The Wave driver program is the only known to me C++ preprocessor,
which
- allows to enable variadics and placemarkers for C++ programs
- exposes facilities to support the debugging of the macro expansion process
- implements experimental C++0x support as macro scoping,which will be
proposed as a C++ Standards addition
therefore it may be an invaluable tool for the development of modern C++
programs.
As recent developments like the Boost Preprocessor Library show [1],
we will see in the future a lot of applications for advanced preprocessor
techniques. But these need a solid base - a Standard conformant preprocessor. As
long as the widely available compilers do not fit into these needs, the
Wave library may fill this gap.
References
- The Boost Library
Preprocessor Subset for C/C++
- Programming
languages - C++ (INCITS/ISO/IEC 14882:1998)
- The Boost
Libraries Documentation
- The Spirit
parser construction framework
- The
Wave C++ preprocessor library
History
03/25/2003 (Wave V0.9.1)
- Initial Version of this article
03/26/2003
- Fixed a broken link in the references section
04/07/2003 (Wave V0.9.2)
- Fixed several typos in the article text
- Added the tracing facility to trace the macro expansion process
- Added the predefined macro
__INCLUDE_LEVEL__
- Added support for the
operator _Pragma()
(C99 and --variadics
mode only)
- Added new command line options to the Wave driver program
- Fixed a couple of bugs (see the ChangeLog file inside the downloadable file)
- Updated the documentation (inside the downloadable file)
05/16/2003 (Wave V0.9.3)
- Added the
_Pragma wave system()
- Added the possibility to pre-include files
- Added the experimental C++0x mode with
- macro scoping support
- well defined token-pasting
- variadics and placemarkers
- __comma__, __lparen__ and __rparen__ alternative pp-tokens
- Fixed a lot of bugs (see the ChangeLog file inside the downloadable file)
05/22/2003
06/04/2003
- Fixed a couple of macro expansion bugs
- Updated the attached source and demo files (see the ChangeLog file inside
the downloadable file)
01/05/2004 (Wave V1.0)
- Added support for #pragma once directive
- Added support for #pragma wave timer() and the --timer command line switch (see the documentation inside the downloadable file)

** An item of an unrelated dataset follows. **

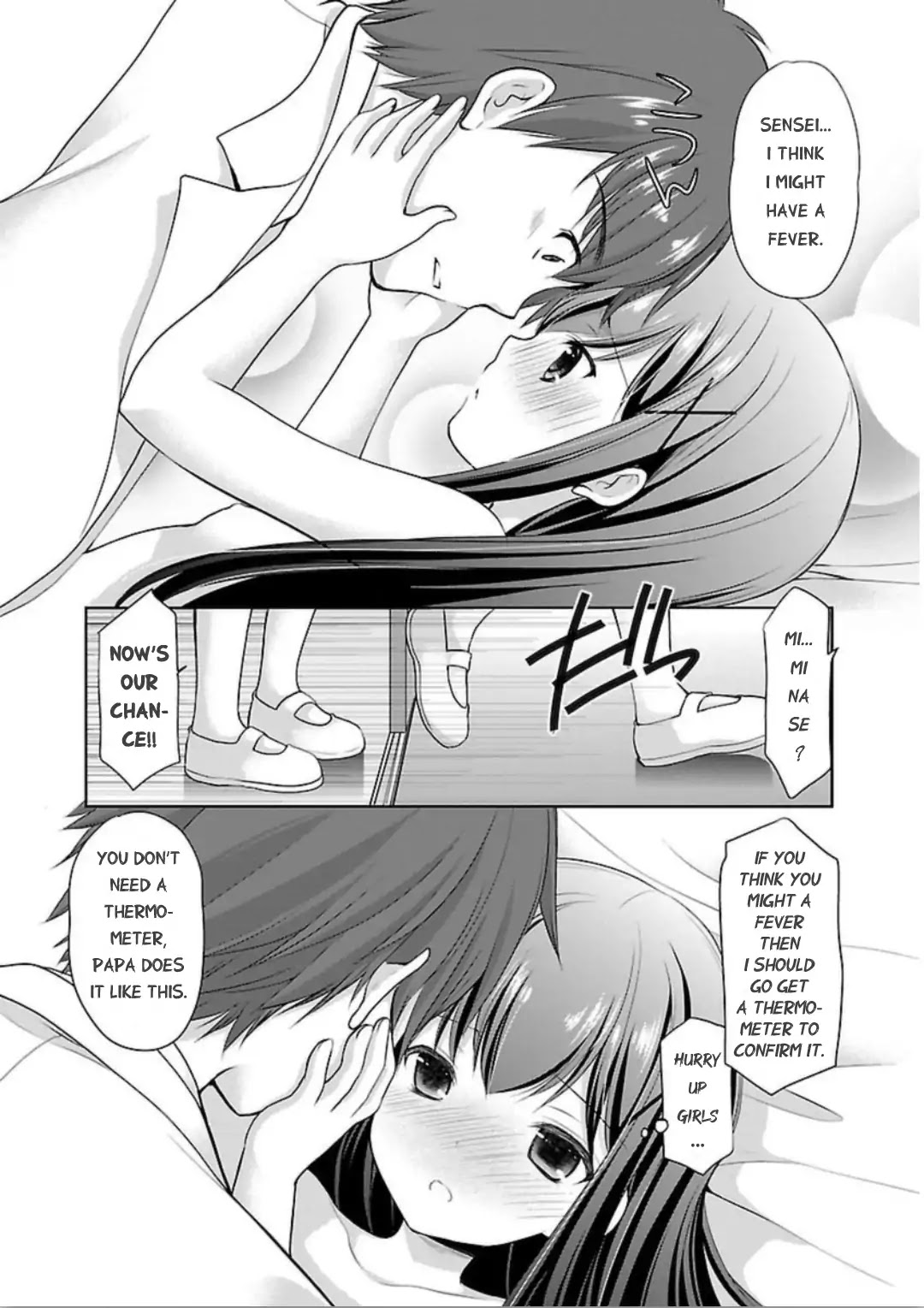 Hoshihimemura no Naishobanashi Chapter 5 page 18 - Chapter 5: Is body measurement really such a big deal?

- Included a finite state machine, which suppresses not needed whitespace. This makes the generated output much more dense.
- Added an optional IDL mode, which besides not recognizing C++ specific tokens doesn't
recognize any keywords (except
true
and false
), but only identifiers.
- Incorporated a couple of changes, which improved the overall performance
- Fixed a lot of bugs (see the ChangeLog file inside the downloadable archive)
- Switched licensing to use the Boost Software License, Version 1.0.